# Task statement
A word-for-word copy of every entry below is required; the images do not belong in it.

-- Opening Marker --

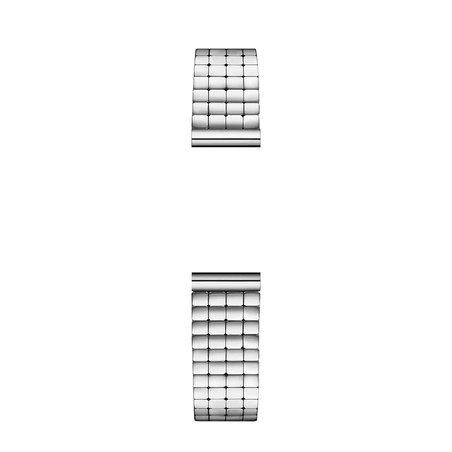 Michel Herbelin - Antarès - Bracelet Simple - Acier Cube - 12cm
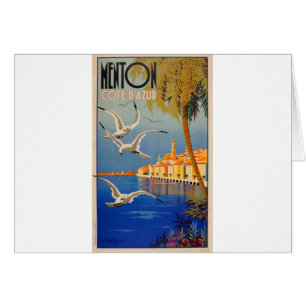 Vintage Menton CoTe D'azur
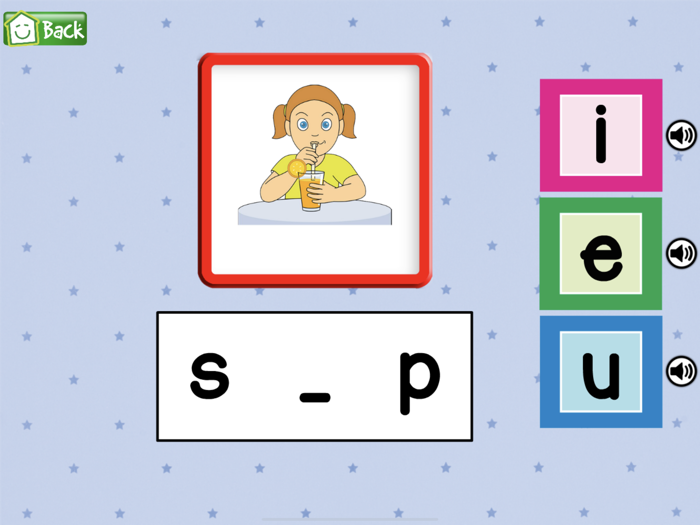Kindergarten Reading Phonics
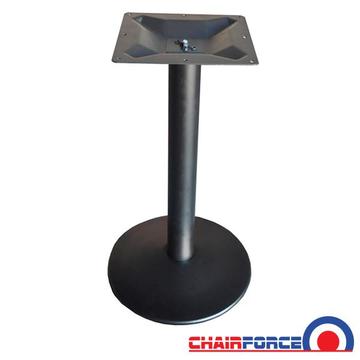 Round Table Base - 73 cm high with Adjustable feet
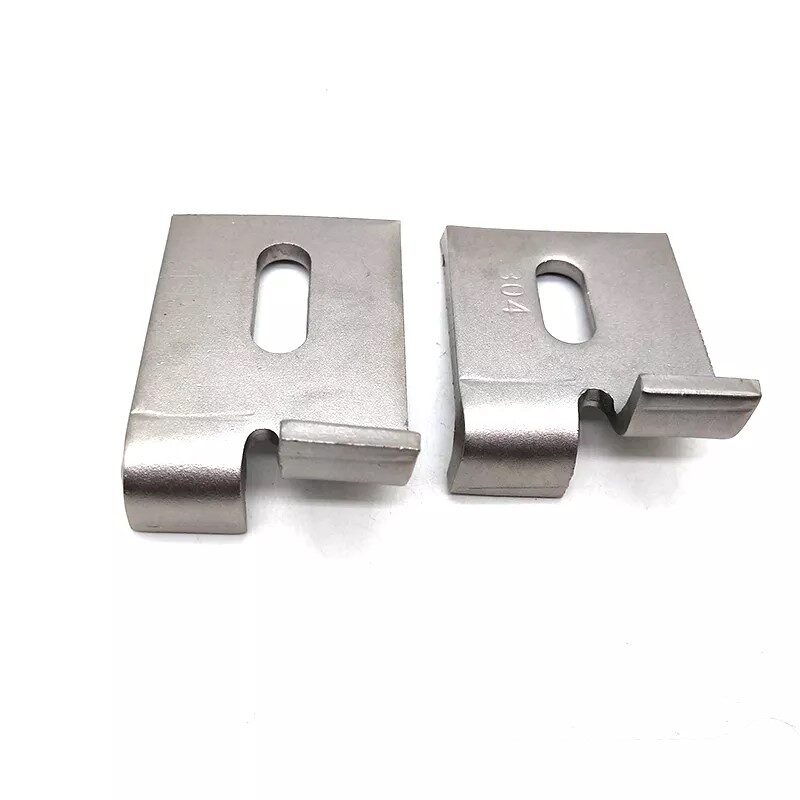 Stainless Steel Stamped L-Shaped Heavy-Duty Corner Support Bracket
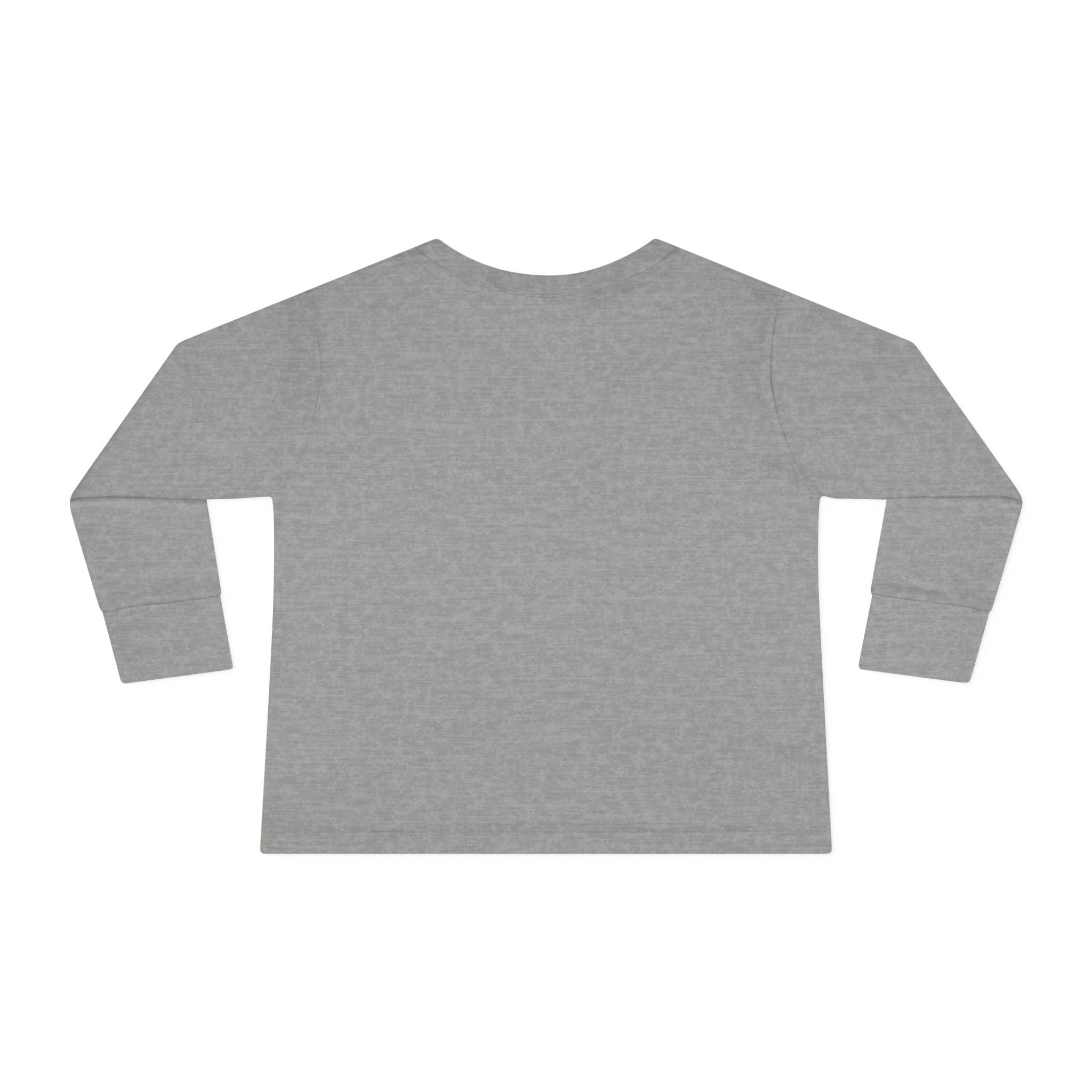 Children's Long Sleeve Tee — Personalized 'C is for Clean' Animal Alphabet Shirt (Name: Caleb)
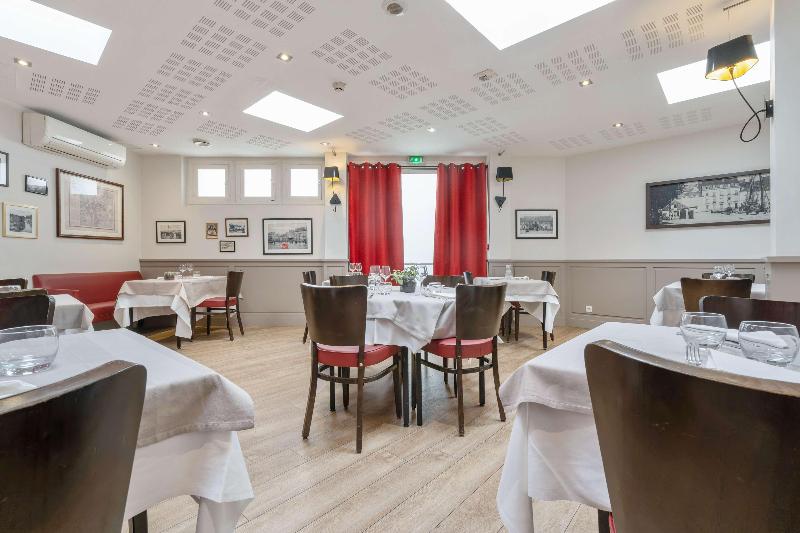 Kyriad Vannes Centre Ville - Restoran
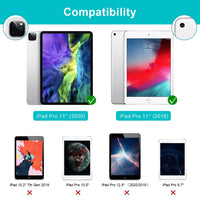 Thumbnail for CHOETECH BH-012 Wireless Keyboard Case for iPad Pro 11
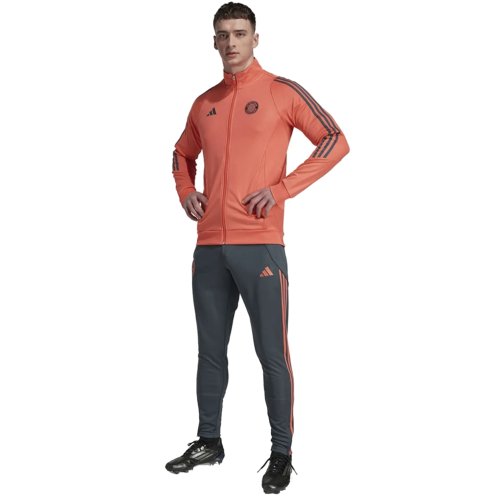 2025-2026 Bayern Munich Tracksuit (Easy Coral)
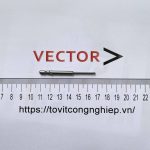 D4*60*D2*20*0# mũi vặn vít 4 cạnh nhỏ mũi 4 cạnh cỡ 0#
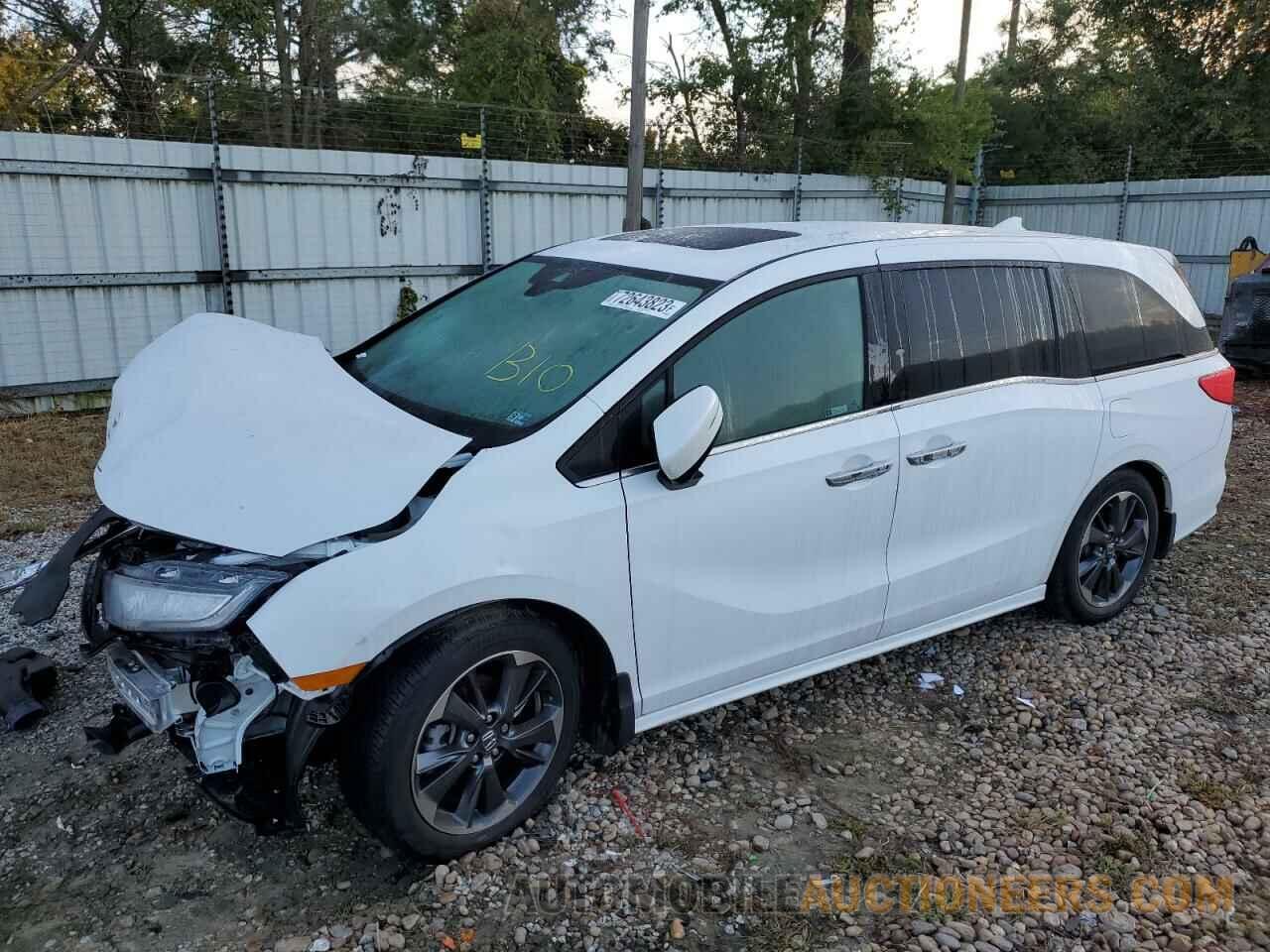 5FNRL6H96NB068753 HONDA ODYSSEY 2022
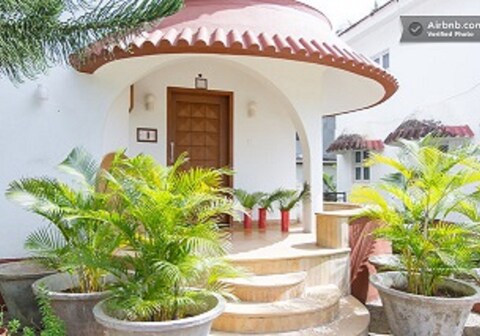 BEACH TOUCH 3BHK VILLA IN CANDOLIM (Blue Palm C-9)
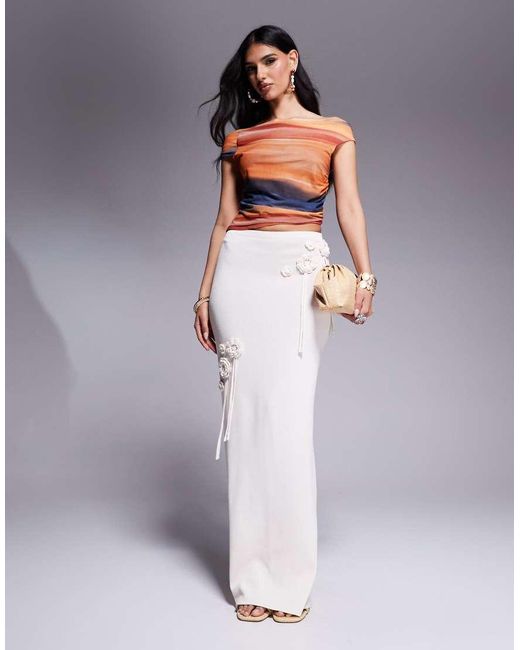 Top di ASOS in Multicolor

-- Closing Marker --

# Task response
 Michel Herbelin - Antarès - Bracelet Simple - Acier Cube - 12cm
 Vintage Menton CoTe D'azur
Kindergarten Reading Phonics
 Round Table Base - 73 cm high with Adjustable feet
 Stainless Steel Stamped L-Shaped Heavy-Duty Corner Support Bracket
 Children's Long Sleeve Tee — Personalized 'C is for Clean' Animal Alphabet Shirt (Name: Caleb)
 Kyriad Vannes Centre Ville - Restoran
 Thumbnail for CHOETECH BH-012 Wireless Keyboard Case for iPad Pro 11
 2025-2026 Bayern Munich Tracksuit (Easy Coral)
 D4*60*D2*20*0# mũi vặn vít 4 cạnh nhỏ mũi 4 cạnh cỡ 0#
 5FNRL6H96NB068753 HONDA ODYSSEY 2022
 BEACH TOUCH 3BHK VILLA IN CANDOLIM (Blue Palm C-9)
 Top di ASOS in Multicolor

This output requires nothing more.